Hablamos Zalabardo y yo de la curiosa historia que nos
ofrecen determinadas palabras. Por ejemplo, mascarilla, que en
otras zonas de habla hispánica es nasobuco, barbijo,
tapabocas y alguna más, no es sino una máscara
pequeña que cubre solo una parte del rostro, entre la nariz y la barbilla. La
curiosidad estriba, le digo a mi amigo, en cómo el tiempo ha hecho cruzarse dos
palabras, máscara y persona, tan diferentes entre
sí y que, sin embargo, acaban por designar la misma cosa.
Máscara que nos llega del italiano, aunque posiblemente pasando por
el tamiz del catalán, se remonta hasta el árabe masharah, ‘lo que
hace reír’ y también ‘payaso’. La máscara es, en efecto, un
aditamento, una careta, con que nos cubrimos la cara con el
objeto de no ser reconocidos, de disimular nuestro aspecto y ofrecer el de otro
o para participar en determinados rituales.

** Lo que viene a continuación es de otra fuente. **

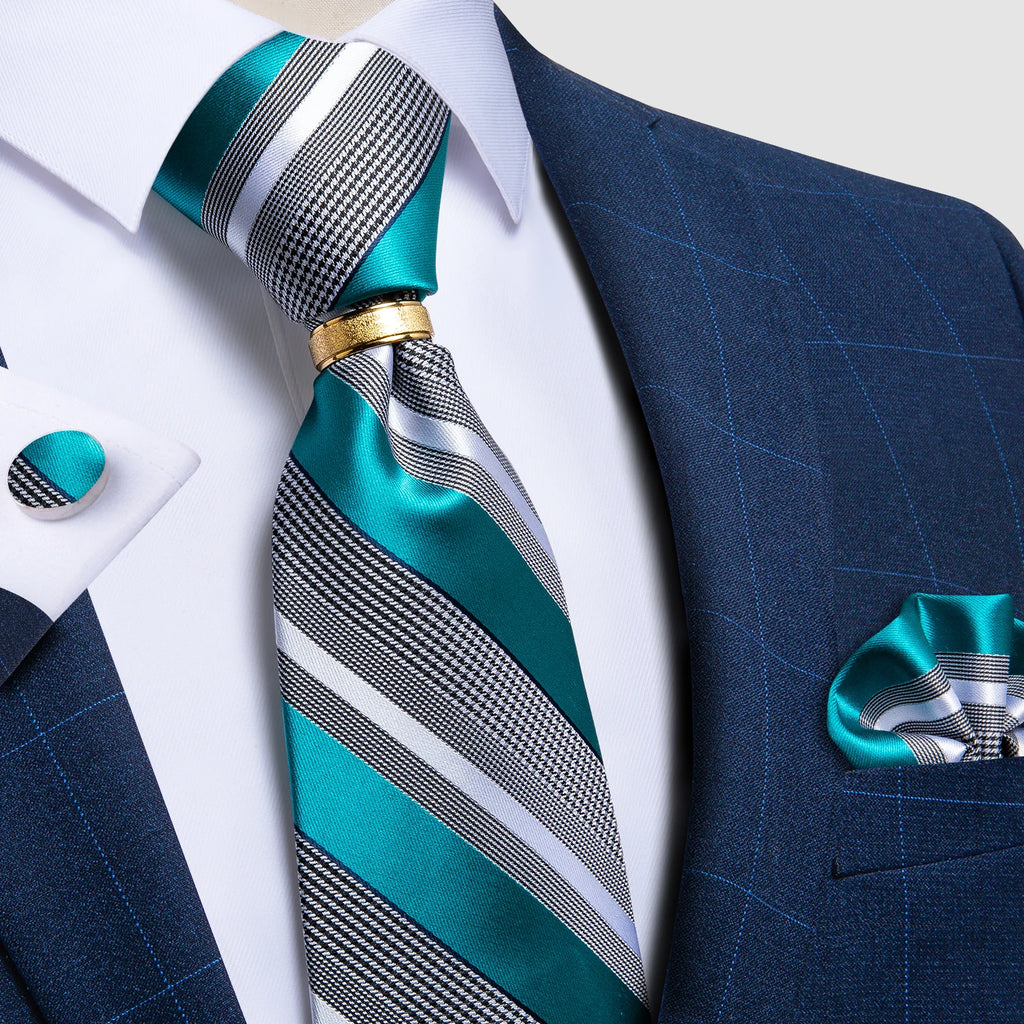 Pink blue Striped Men's Ties Business Wedding Neck Tie Pocket Square Cufflinks Tie Ring Men's Gift Gravata DiBanGu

Aquí es donde el término cruza su camino con persona, que nos viene del griego prósopon, palabra que designaba la careta con que los actores se cubrían el rostro no solo con el fin de reflejar mejor los distintos sentimientos, sino para que sirvieran como caja de resonancia y su voz llegase mejor a los espectadores. Aunque la expresión va desapareciendo, aún algunos llaman dramatis personae a los personajes que intervienen en el drama.

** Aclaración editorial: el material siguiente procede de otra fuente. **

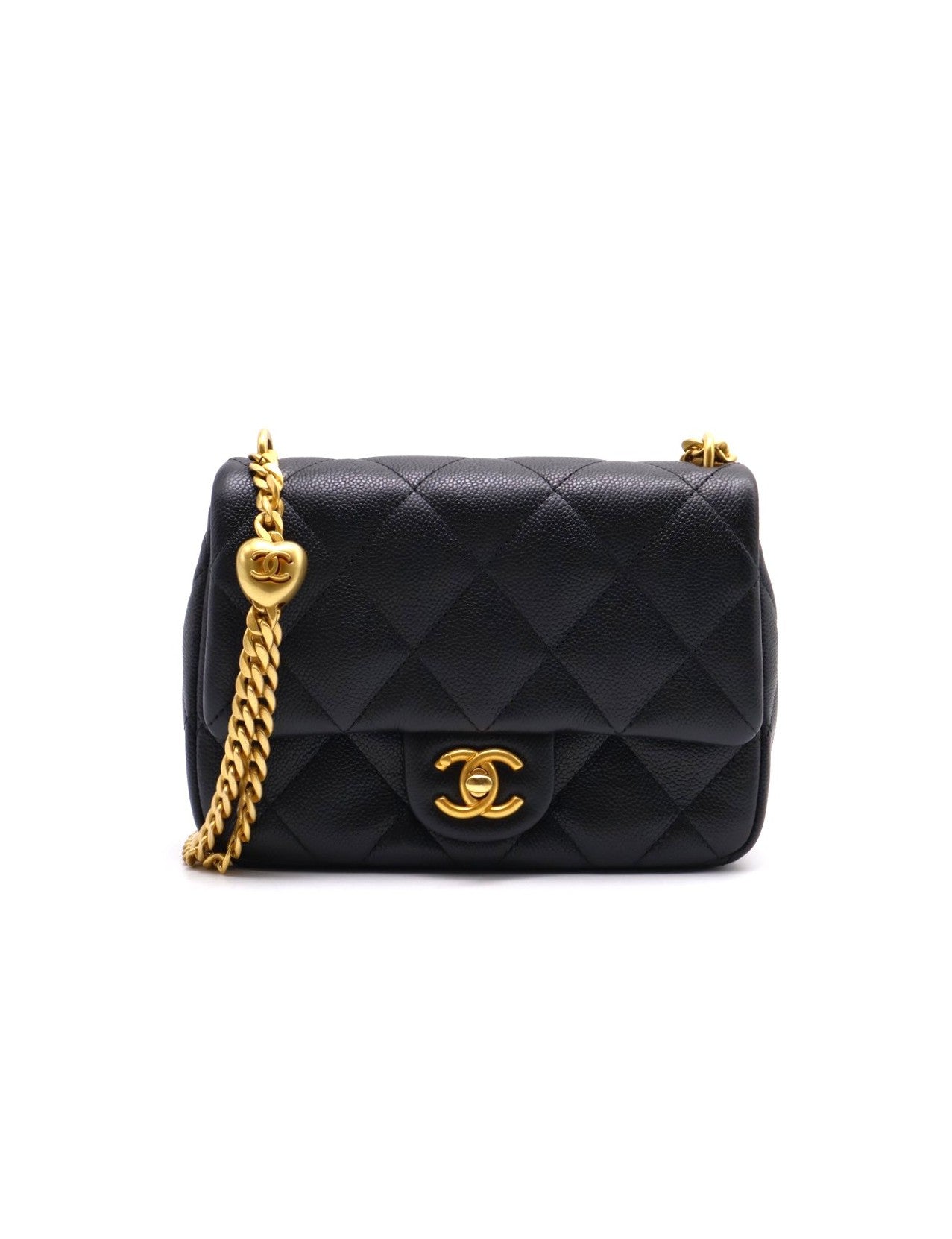 CHANEL 愛心調節釦口蓋包 20 - 粒面牛皮黑金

Le digo a Zalabardo que se fije en como las palabras, a poco
que les demos libertad, comienzan a caminar a su antojo y van conformando
modelos que, en definitiva, serán los que marquen el camino de nuestro
pensamiento. Porque el caso es que prósopon pasó de designar la careta
a designar al actor que se la ponía y, en un paso siguiente, a cualquier
individuo, con lo que todos nos convertimos en personas, es
decir, lo que mostramos de nosotros a los demás. Hubo entonces que adecuar una
nueva palabra para el papel desarrollado por los actores, a los que se comenzó
a llamar personajes, palabra que no tardaría en compartir este
significado con el de ‘individuo importante’.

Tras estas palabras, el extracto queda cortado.